3.4    Delegation of Authority. The Committee, in its discretion and consistent with applicable law and regulations, may delegate its authority and duties under the Plan to one or more subcommittees of the Committee or to the Chief Executive Officer of the Company or any other individual or committee as it deems to be advisable, under any conditions and subject to any limitations that the Committee may establish. Only the Committee (or a subset thereof), however, shall have authority to grant and administer Awards to Reporting Persons and any delegate of the Committee, and to establish and certify Performance Measures.
3.5    Employment of Advisors. The Committee may select and employ attorneys, consultants, accountants and other advisors at the Company’s expense (and may determine the compensation thereof), and the Committee, the Company, and the officers and directors of the Company may rely upon the advice, opinions or valuations of the advisors employed.
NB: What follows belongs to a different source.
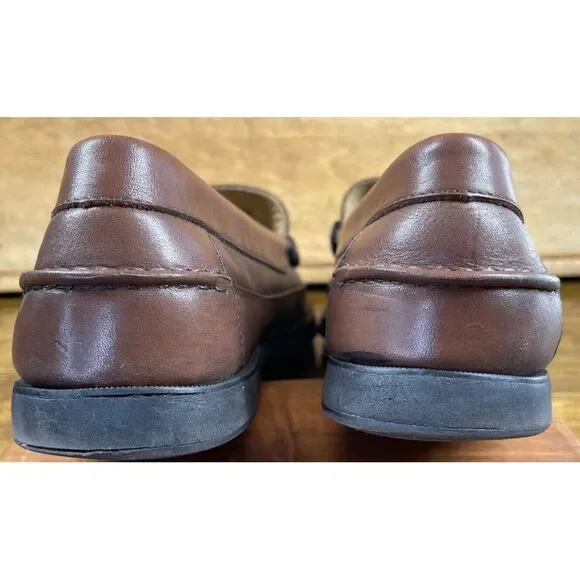 Johnston‎ & Murphy Mens Penny Loafers Leather Casual Dress Shoes 10M - Picture 5 of 9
3.6    No Liability. No member of the Committee, nor any person acting as a delegate of the Committee with respect to the Plan, shall be liable for any losses resulting from any action taken or omitted to be taken, interpretation or construction made in good faith with respect to the Plan or any Award granted under the Plan.
ARTICLE IV
AWARDS
4.1    Eligibility. All Employees, and such Other Service Providers as may be designated by the Committee from time to time, are eligible to receive Awards granted under the Plan, except as otherwise provided in this Article IV.
4.2    Form of Awards. Awards shall be in the form determined by the Committee, in its discretion, and shall be evidenced by an Award Agreement. Awards may be granted singly or in combination or in tandem with other Awards.
4.3    Stock Options and Stock Appreciation Rights. The Committee may grant Stock Options and Stock Appreciation Rights under the Plan to those Employees and Other Service Providers whom the Committee may from time to time select, in the amounts and pursuant to the other terms and conditions that the Committee, in its discretion, may determine and set forth in the Award Agreement, subject to the provisions below:
(a)    Form. Stock Options granted under the Plan shall, at the discretion of the Committee and as set forth in the Award Agreement, be in the form of Incentive Stock Options, Nonqualified Stock Options, or a combination of the two. If an Incentive Stock Option and a Nonqualified Stock Option are granted to the same Participant under the Plan at the same time, the form of each shall be clearly identified, and they shall be deemed to have been granted in separate grants. In no event shall the exercise of one Award affect the right to exercise the other Award. Stock Appreciation Rights may be granted either alone or in connection with concurrently or previously issued Nonqualified Stock Options.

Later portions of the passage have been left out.